Required work: Look for the line that has "Vineyards grow under" in the material below; please repeat it and every line after it, exactly, up to and including the line that has "GMO Crasher Feminized", and nothing else.

Records supplied:
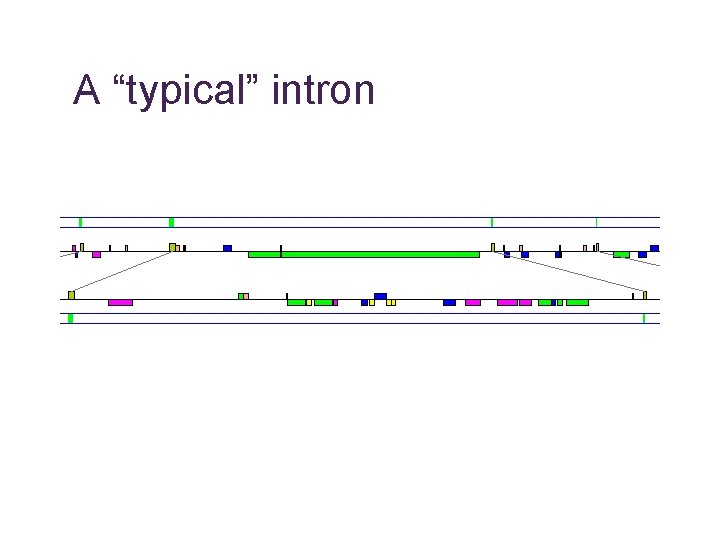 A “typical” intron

* * *

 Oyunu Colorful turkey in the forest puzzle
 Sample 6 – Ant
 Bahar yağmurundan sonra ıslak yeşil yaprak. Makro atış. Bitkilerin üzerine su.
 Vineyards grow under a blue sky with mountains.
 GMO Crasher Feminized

Task answer:
 Vineyards grow under a blue sky with mountains.
 GMO Crasher Feminized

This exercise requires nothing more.